That pig is a bloody nuisance! She is stabled about as far away from it as she can be but she certainly knows it's there.


----------



## be positive (6 November 2019)

Having had a box walker I found it never really settled inside despite every effort although a change of box helps reset the mind sometimes.
I suspect the pig is a major part of the issue and that you may struggle to get her settled whatever you do now, sorry if that a bit negative but in my experience a sensitive mare is very hard to reason with once their mind is made up on whatever it is they have taken offence by, they can be totally irrational so you probably just have to give everything a try and see where it goes, work her hard so she is tired and hungry when she goes to bed and get a mirror as they can really help.


----------



## dorsetladette (6 November 2019)

Is she settled I the field? if so when you catch her to bring her in can you put something smelly (like vicks) in her nostrels so she can't smell the pig before she comes back on the yard. 

Did old owner give her any supplements? might not even be something he thought of as a calmer, but has that affect maybe.


----------



## Pinkvboots (6 November 2019)

My friends Arab box walked when she moved him to my yard and he had never done it before, we moved him to a different stable where he could look out on to the fields and he stopped overnight, previous stable was a row that backed onto the road but not sure that had any impact, I think he just didn't like being in that particular block of stables as his only view was the horses opposite.

Or off course it could just be the pig upsetting her but might be worth looking to move stables if you think there could be a better alternative, another thing could be that it's a bigger busier yard than she is used to, one of my horses completely changes on a busy big yard his much more settled at home with just my other horse and no comings and goings to deal with.


----------



## Wheels (6 November 2019)

I find a connecting stable with half partitition or large window between 2 stables can sometimes help.  Is there anything like that at your yard?

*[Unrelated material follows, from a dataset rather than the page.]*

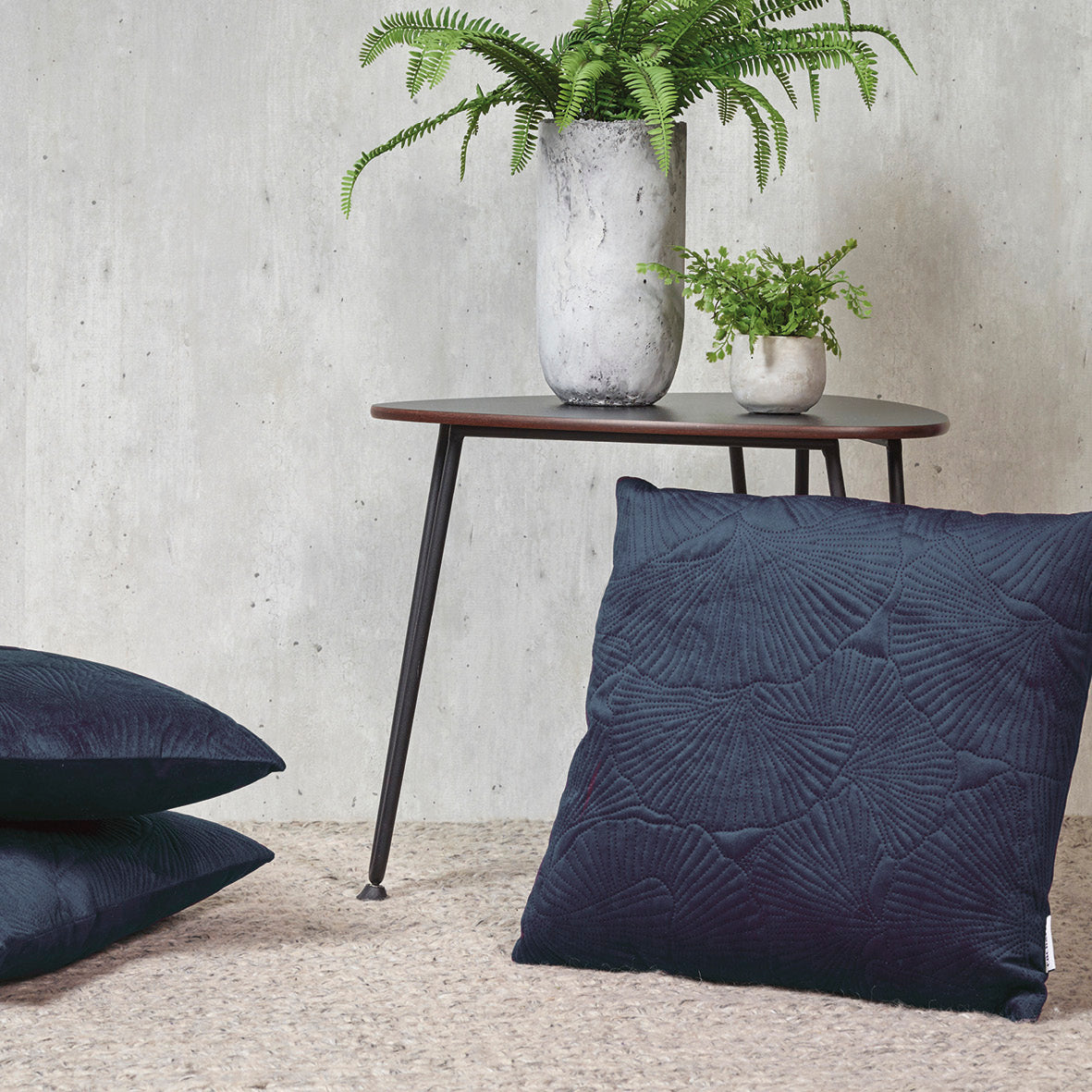 Cushion embossed flower Dark blue - 45 x 45 cm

You have a few horses at the same yard dont you? Might be worth swapping them around to see if she settles anywhere else

It could well be the pig though, sounds crazy but she might be better off closer to it so she can keep her eye on it.


----------



## Ambers Echo (6 November 2019)

Thanks everyone. 

I have tried her in Amber's stable which is opposite hers but she is no better there.

There is a field alongside the pig pen she could go in if it would help her get used to it? YO often puts pig averse horses in there and they soon stop bothering about it. Or would that send her totally over the edge? When she struggled to go past the pig she really was beside herself, but now she will walk past ok. She does speed up a bit and keeps a very firm eye on it but does not snort or spook. She can see the pig pen from the arena and works ok despite that. 

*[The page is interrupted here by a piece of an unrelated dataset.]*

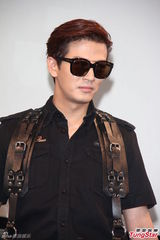 组图：陈晓东与辣妹贴身搂腰 当爸爸被亏会射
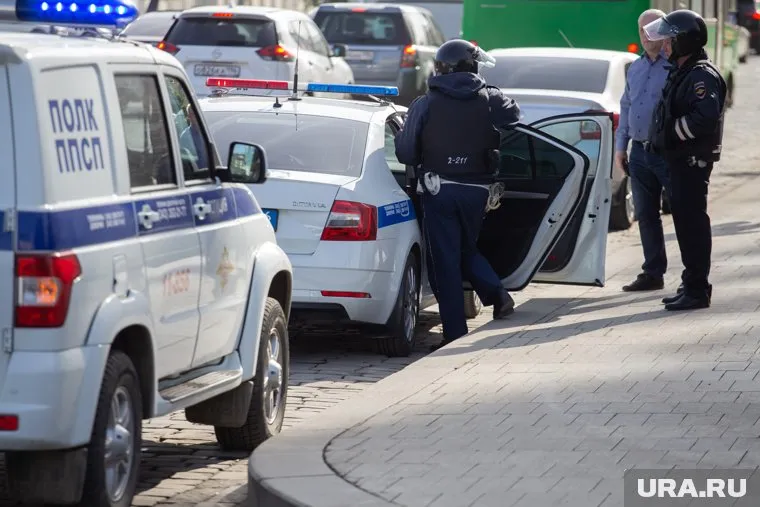 В Екатеринбурге ищут пожилого мужчину, который мастурбировал в кустах около школы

I will look into mirrors. 

As it happens I am considering moving Amber to a much quieter yard for different reasons. Perhaps Deedee would be better off moving too though I know Izzy would hate to leave the yard. But we can't leave Deedee somewhere she is unhappy. 

But how would I know if it is the pig and not the move in general and that she'd be better anywhere else


----------



## TheMule (6 November 2019)

Horses view pigs as predators, I wouldn't be at all surprised if that was the cause of the issue


----------



## Wheels (6 November 2019)

I would put her and another quiet horse in the paddock next to the pig for a short while and see if it makes a difference.

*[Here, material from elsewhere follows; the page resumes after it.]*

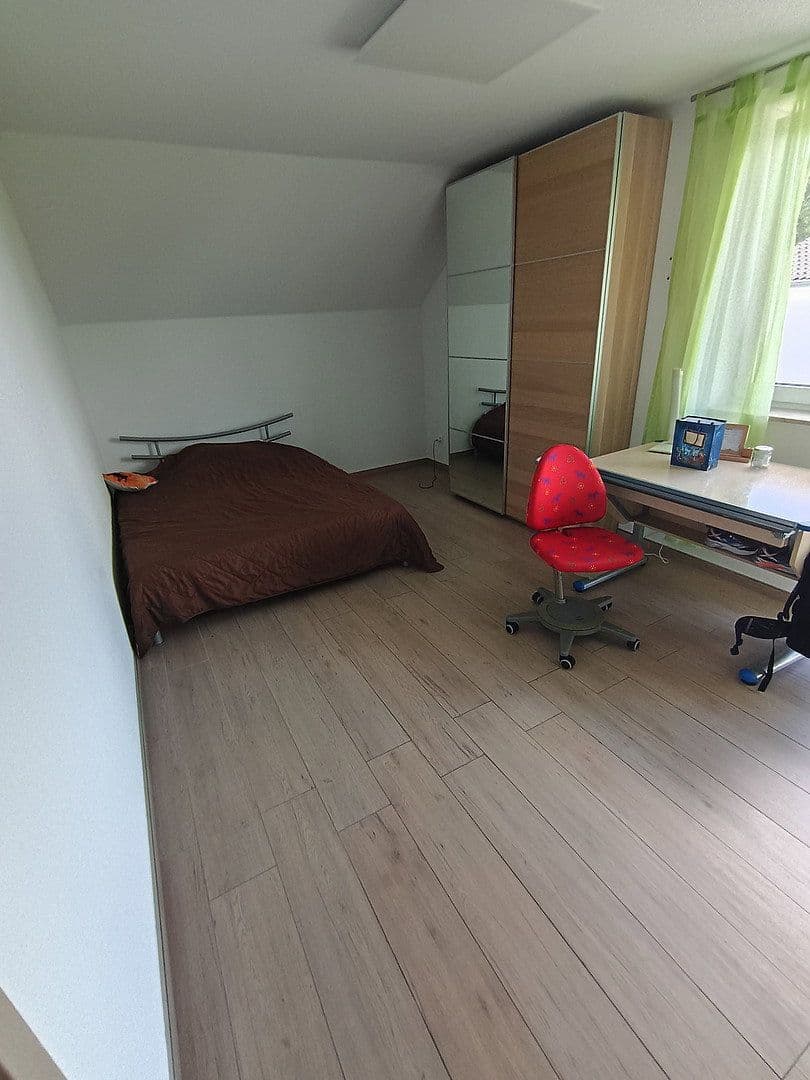 Prodej domu 124 m², pozemek 260 m², Öhringen, Bádensko-Württembersko Prodej domu 124 m², pozemek 260 m², Öhringen, Bádensko-Württembersko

Are there any stables with a half partition or large window between.

I've had a couple of horses who couldn't cope unless they could have a wee bit of physical contact with the horse next door


----------



## Fiona (7 November 2019)

My friend who has a riding school keeps three gorgeous pigs, and all her ponies and liveries settle with them eventually...

I'll keep my fingers crossed that the issue resolves when your yard all come in for the night, and there is a more concrete routine.  Are your stables American barn or outside boxes, and how does that compare to the previous owner's yard??

I had a TB mare who boxwalked badly, but only when triggered by feeding time or by being left on her own, so it was manageable albeit annoying...

Fiona


----------



## Ambers Echo (7 November 2019)

So I went up this morning to ride and she took 2 hours to catch. And in fact was only caught when we caught and removed every other horse first! I think 8 acres of freedom in a herd is also not helpful. I've always liked the fact that my horses have so much space but they need to not abuse the privilege!!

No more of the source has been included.